[Caption-style text data]
────────────────────────────────────────
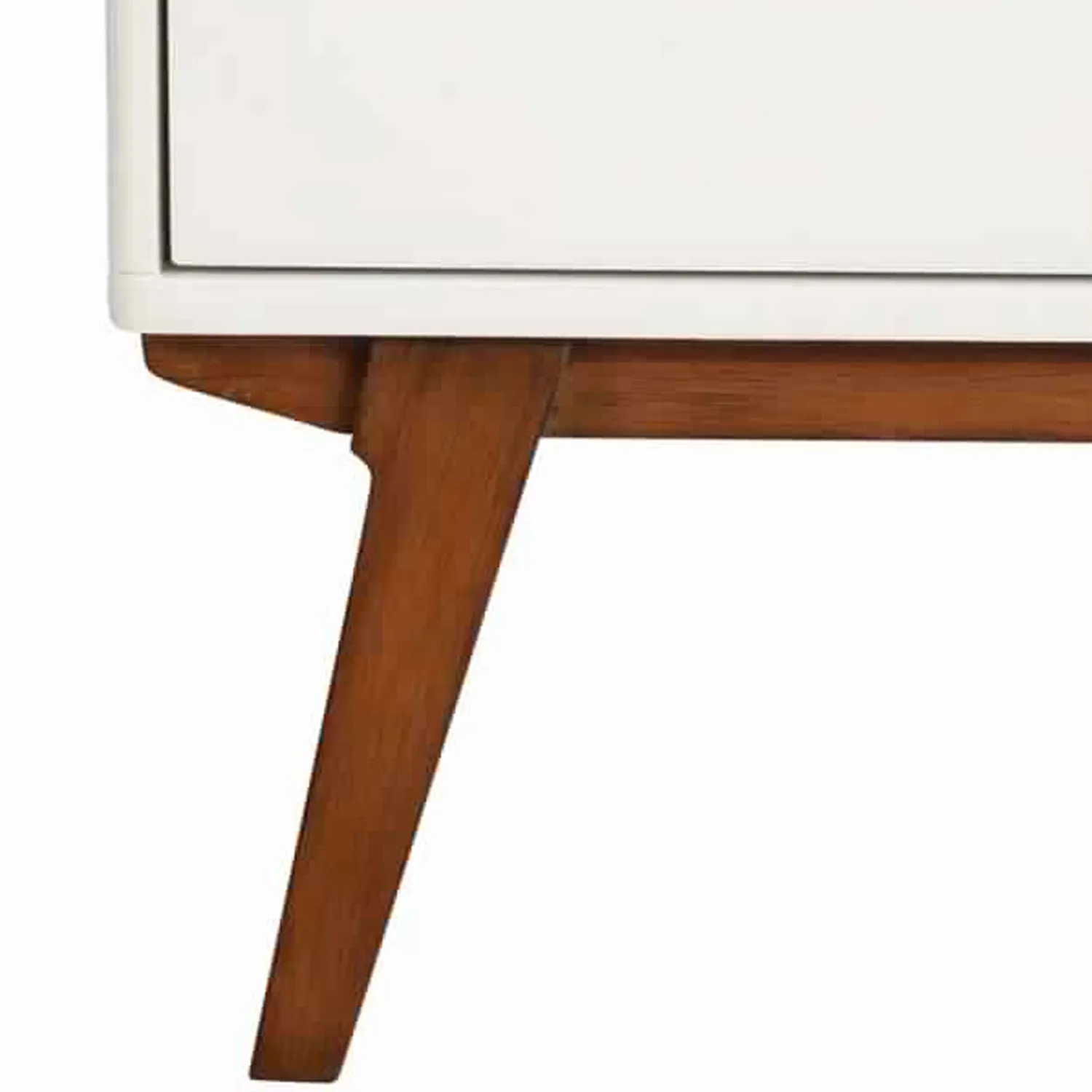 2 Drawer Wooden Nightstand With Angled Legs, White And Brown By Benzara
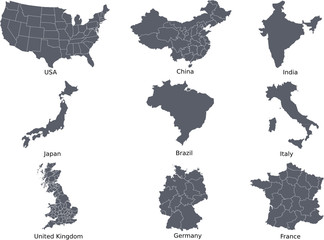 There are maps of some most leading countries in the world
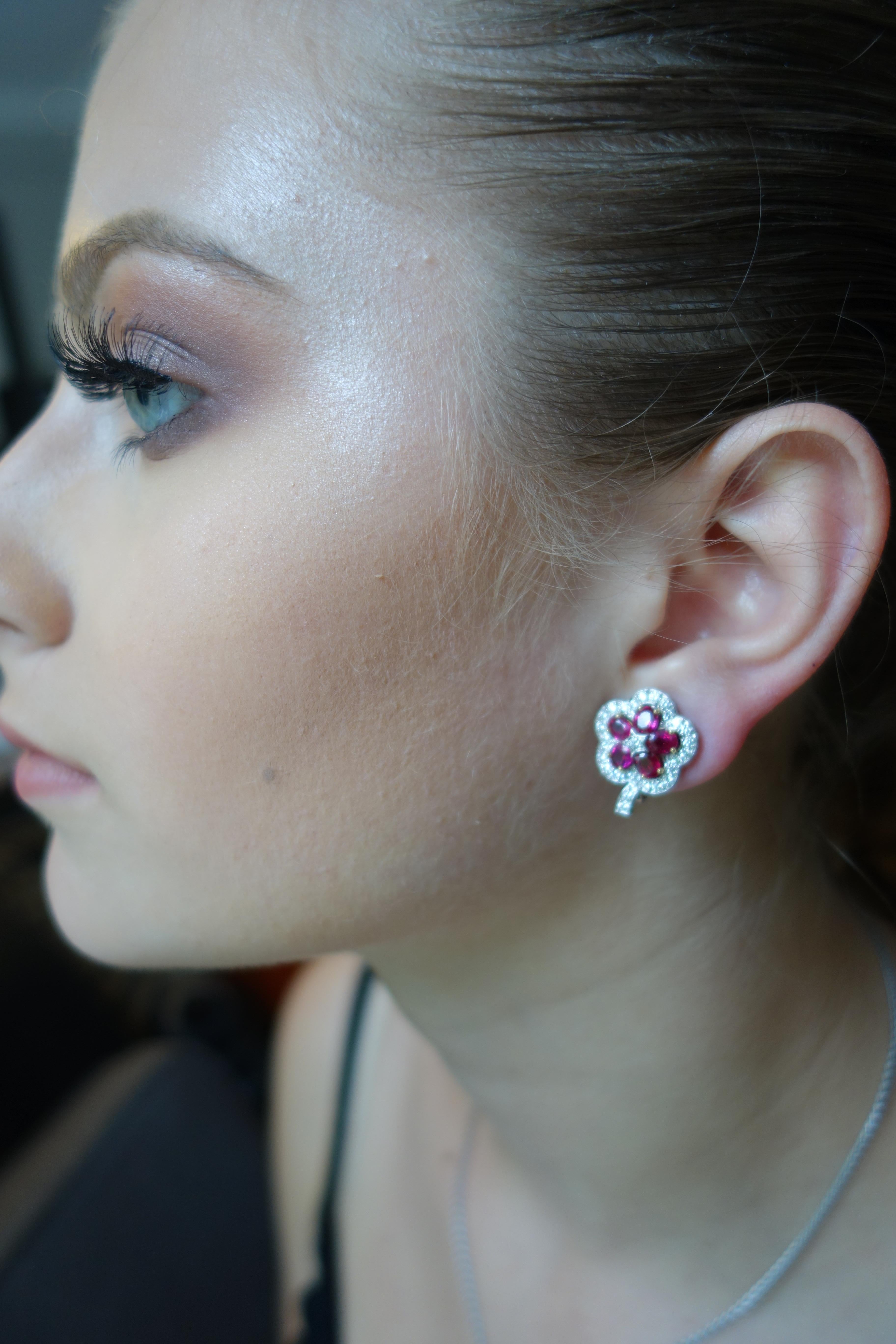 Contemporary Ruby Diamond Flower Earrings For Sale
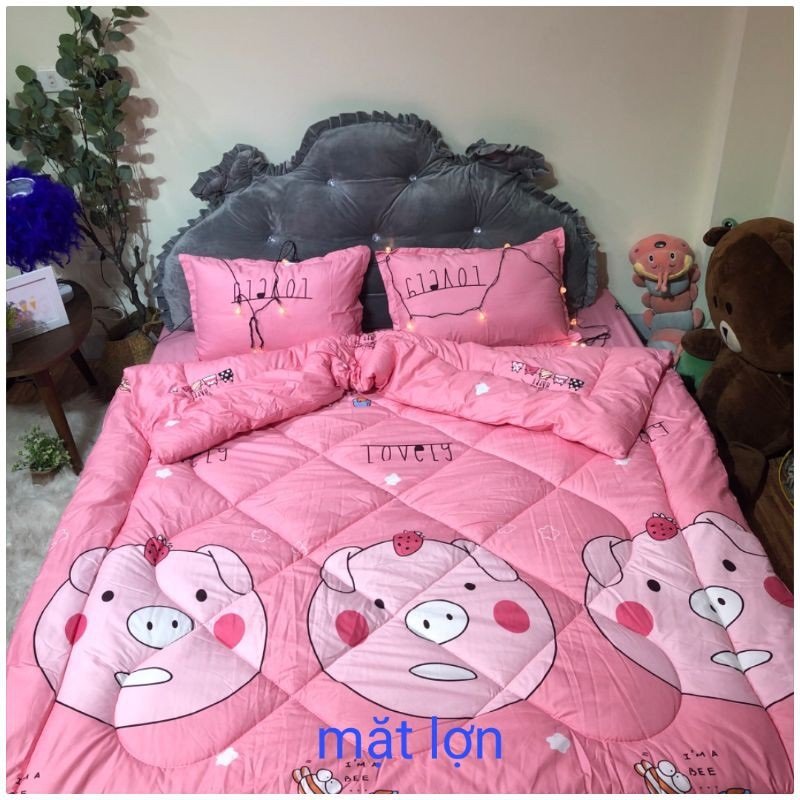 (Xu hướng) Trọn bộ 5 món ga gối chăn phao mẫu Heo Tròn poly cotton có ruột bông dày loại 1 ( nhắn chọn mẫu )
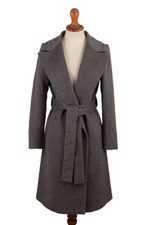 Baby alpaca blend long coat, 'Classically Chic in Grey' - Grey Baby Alpaca Blend Long Wrap Coat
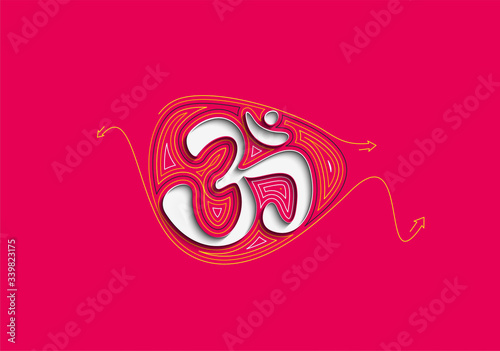 Om of Hinduism lucky symbol flat vector icon for apps and websites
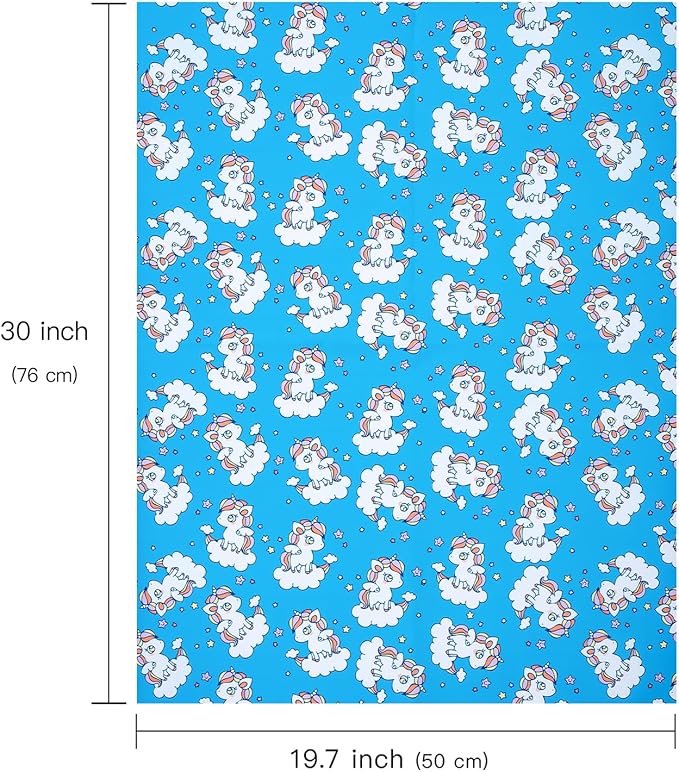 WRAPAHOLIC Birthday Wrapping Paper Sheet - 12 Sheets Unicorn Rainbow Pony Pink Blue Design Folded Flat for Birthday, Party, Baby Showers - 19.7 Inch X 30 Inch Per Sheet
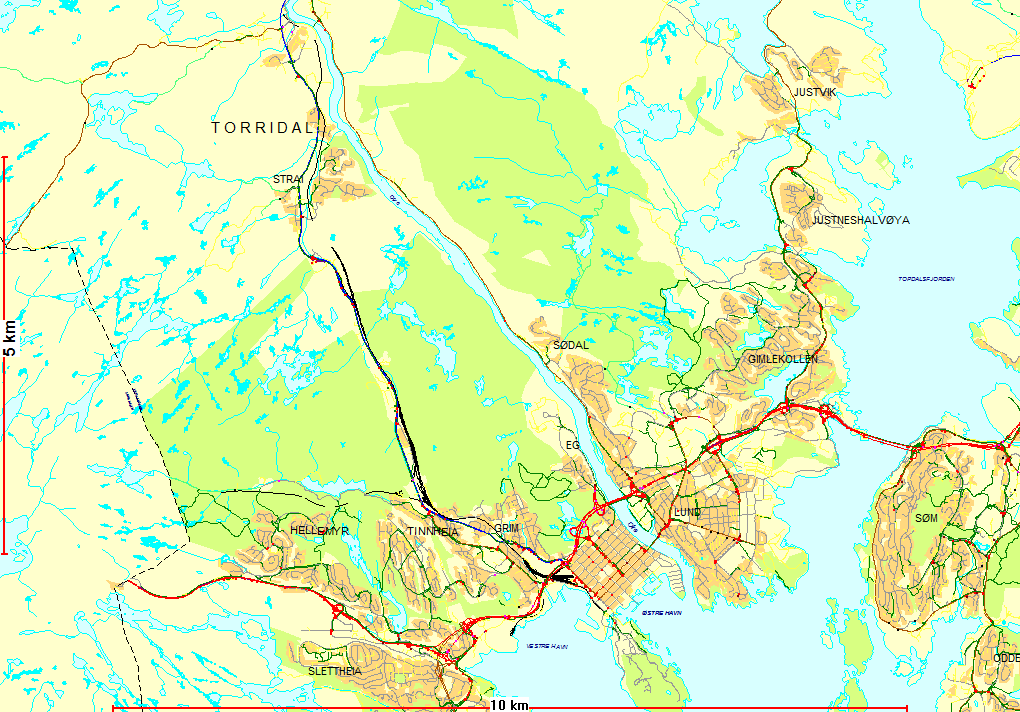 Dagens situasjon Reguleringsplanen ligger på Strai ca. 6 km nord for Kristiansand sentrum - markert med rød sirkel. Området ligger vest for Otra.
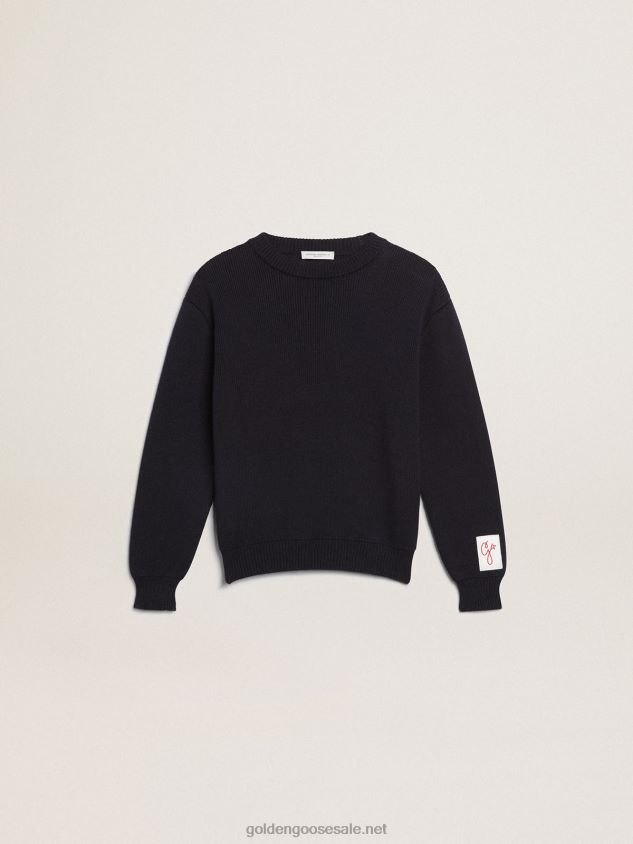 Round-neck sweater in dark blue cotton FN20N897 Kids Golden Goose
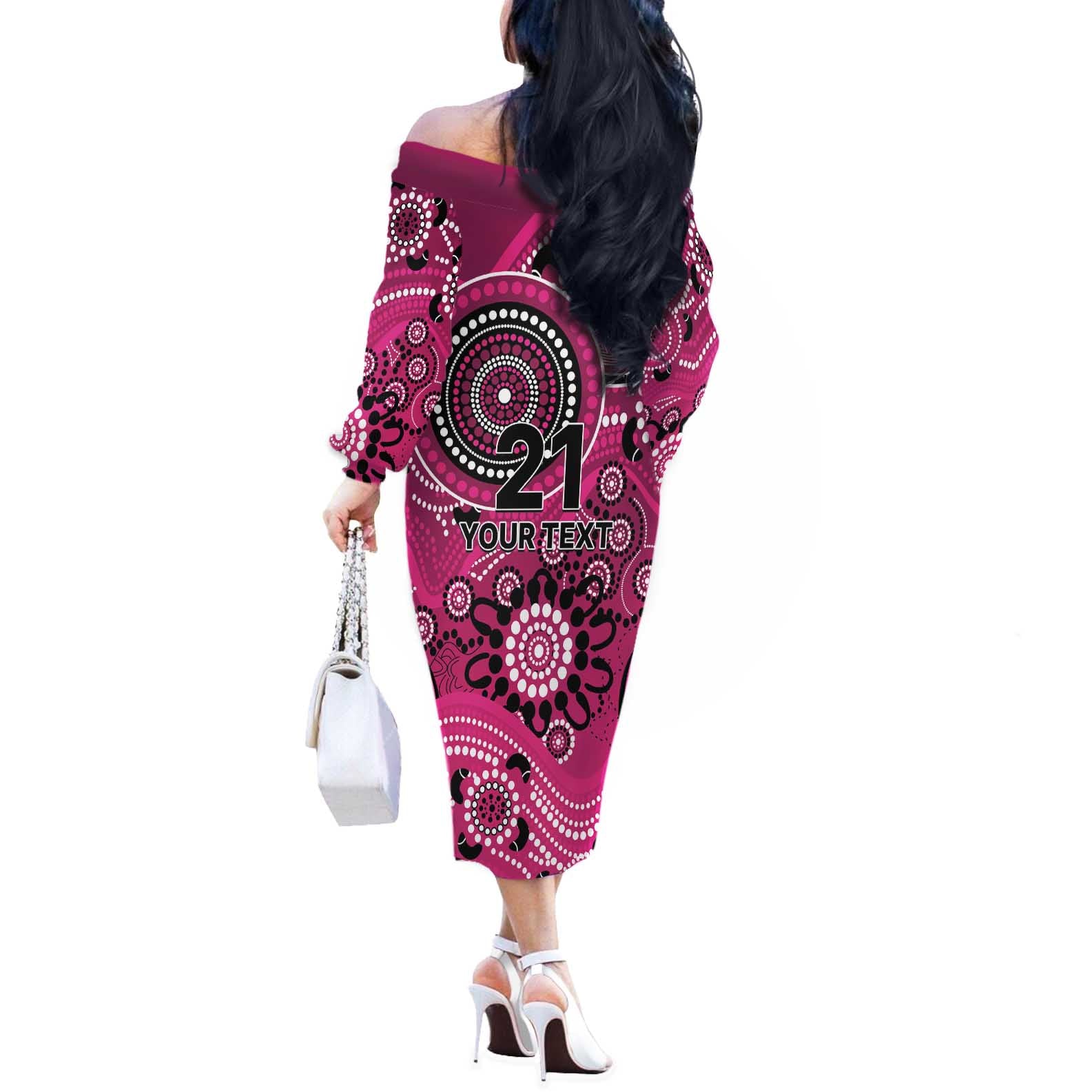 Sixers Cricket Custom Off The Shoulder Long Sleeve Dress Australian Aboriginal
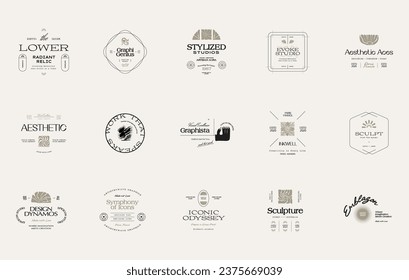 Vintage Boho Flower logo template illustration for branding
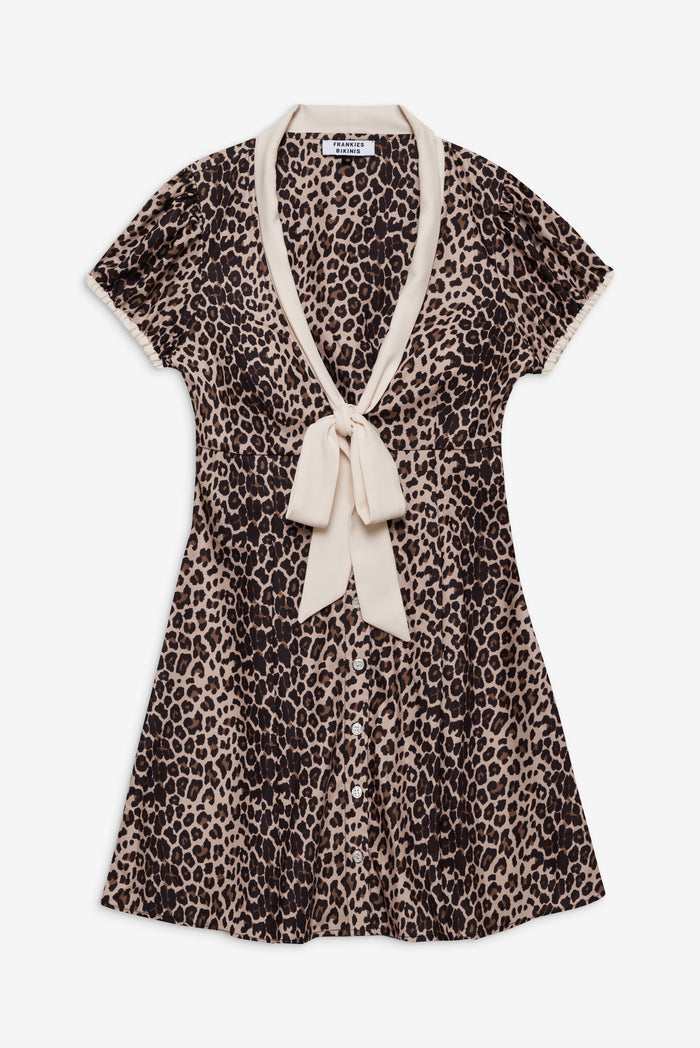 Manhattan Button Up Mini Dress in Cheetah Print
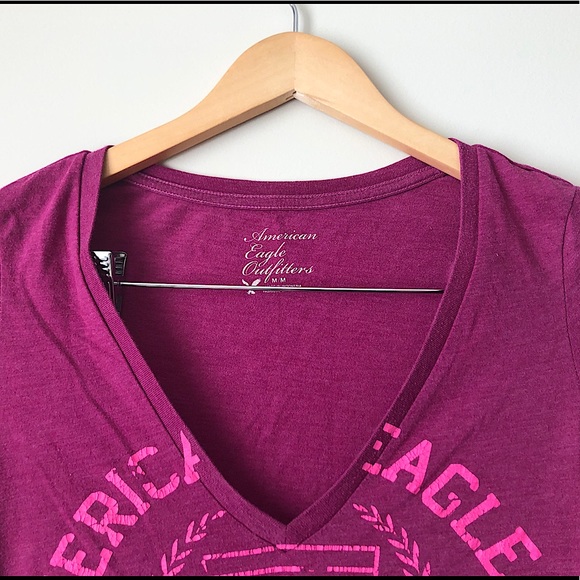 SALE🌟5/$25 | AMERICAN EAGLE | Dark Fuchsia Tee Shirt | - Picture 3 of 4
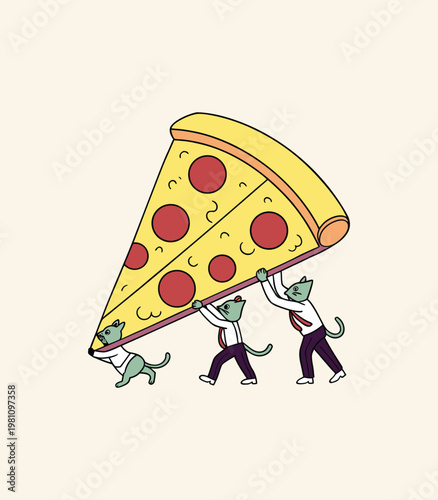 vector art with pizza bites food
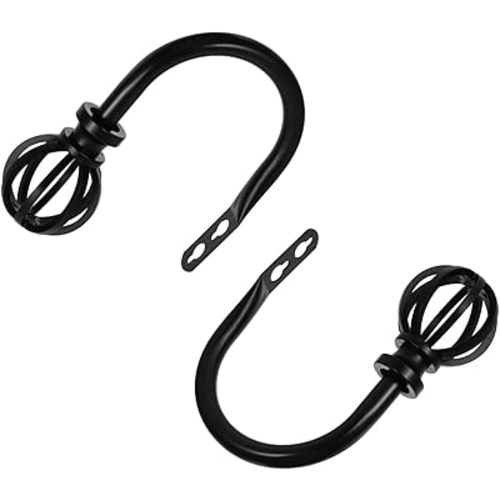 Zerodeko 2pcs Curtain Hook Window Curtain Holdbacks Curtain Holder Wall Hook Black Trim Wall Curtain Holdbacks Hat Towel Hook Window Curtain Tiebacks Rope Hook Iron Lace up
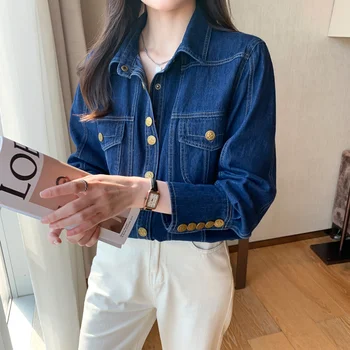 Мешковатая повседневная Синяя джинсовая куртка в Корейском винтажном стиле, Весна 2023, женская уличная мода, свободное джинсовое пальто в стиле харадзюку, основы Харадзюку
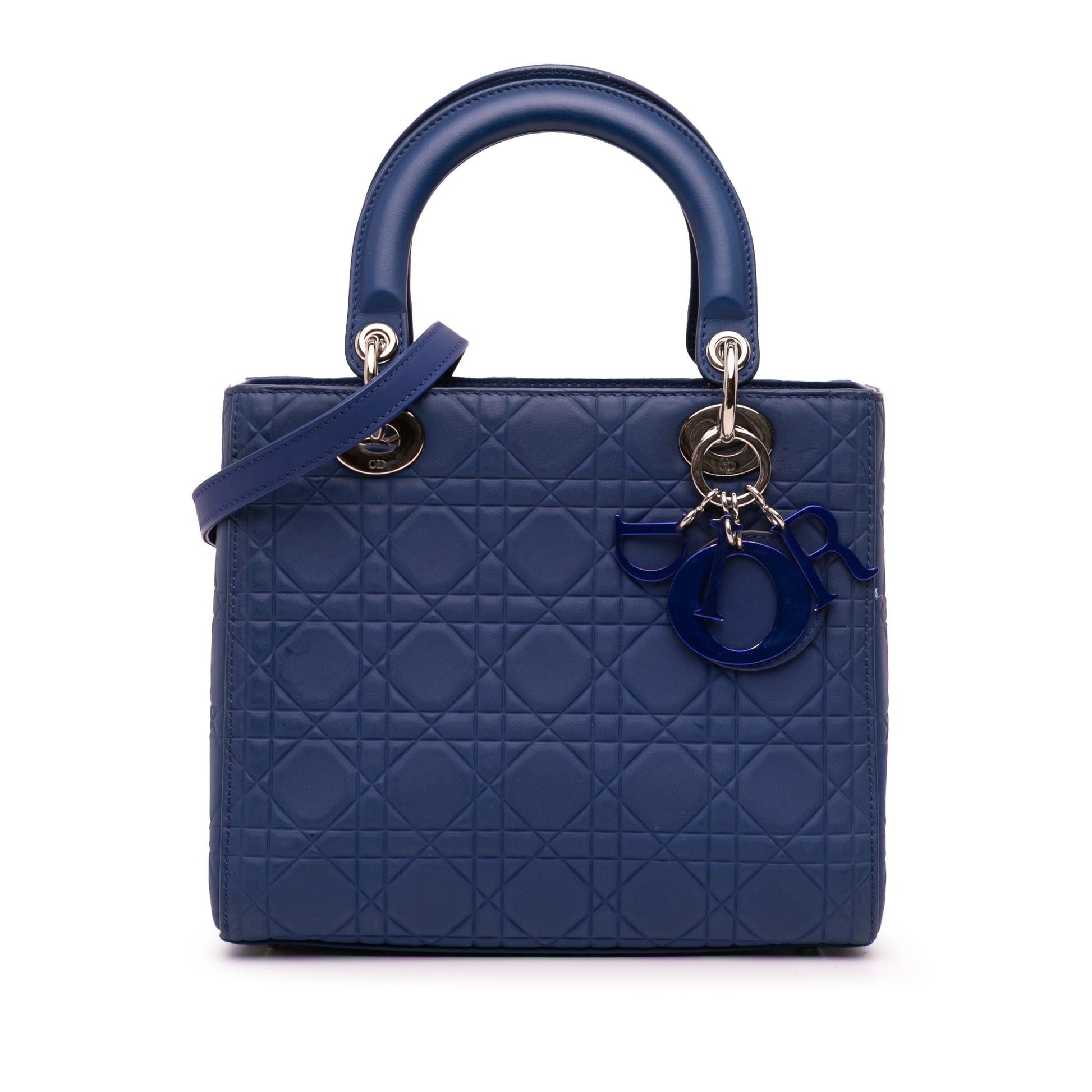 Dior Ultra Matte Calfskin Cannage Lady Satchel Bag Medium Embossed Cannage Lady Dior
────────────────────────────────────────
#### TASK OBJECTIVE:
Every line above is to be returned exactly, with its pictures removed.

#### ANSWER SECTION:
 2 Drawer Wooden Nightstand With Angled Legs, White And Brown By Benzara
 There are maps of some most leading countries in the world
 Contemporary Ruby Diamond Flower Earrings For Sale
 (Xu hướng) Trọn bộ 5 món ga gối chăn phao mẫu Heo Tròn poly cotton có ruột bông dày loại 1 ( nhắn chọn mẫu )
 Baby alpaca blend long coat, 'Classically Chic in Grey' - Grey Baby Alpaca Blend Long Wrap Coat
 Om of Hinduism lucky symbol flat vector icon for apps and websites
 WRAPAHOLIC Birthday Wrapping Paper Sheet - 12 Sheets Unicorn Rainbow Pony Pink Blue Design Folded Flat for Birthday, Party, Baby Showers - 19.7 Inch X 30 Inch Per Sheet
 Dagens situasjon Reguleringsplanen ligger på Strai ca. 6 km nord for Kristiansand sentrum - markert med rød sirkel. Området ligger vest for Otra.
 Round-neck sweater in dark blue cotton FN20N897 Kids Golden Goose
 Sixers Cricket Custom Off The Shoulder Long Sleeve Dress Australian Aboriginal
 Vintage Boho Flower logo template illustration for branding
 Manhattan Button Up Mini Dress in Cheetah Print
 SALE🌟5/$25 | AMERICAN EAGLE | Dark Fuchsia Tee Shirt | - Picture 3 of 4
 vector art with pizza bites food
 Zerodeko 2pcs Curtain Hook Window Curtain Holdbacks Curtain Holder Wall Hook Black Trim Wall Curtain Holdbacks Hat Towel Hook Window Curtain Tiebacks Rope Hook Iron Lace up
 Мешковатая повседневная Синяя джинсовая куртка в Корейском винтажном стиле, Весна 2023, женская уличная мода, свободное джинсовое пальто в стиле харадзюку, основы Харадзюку
 Dior Ultra Matte Calfskin Cannage Lady Satchel Bag Medium Embossed Cannage Lady Dior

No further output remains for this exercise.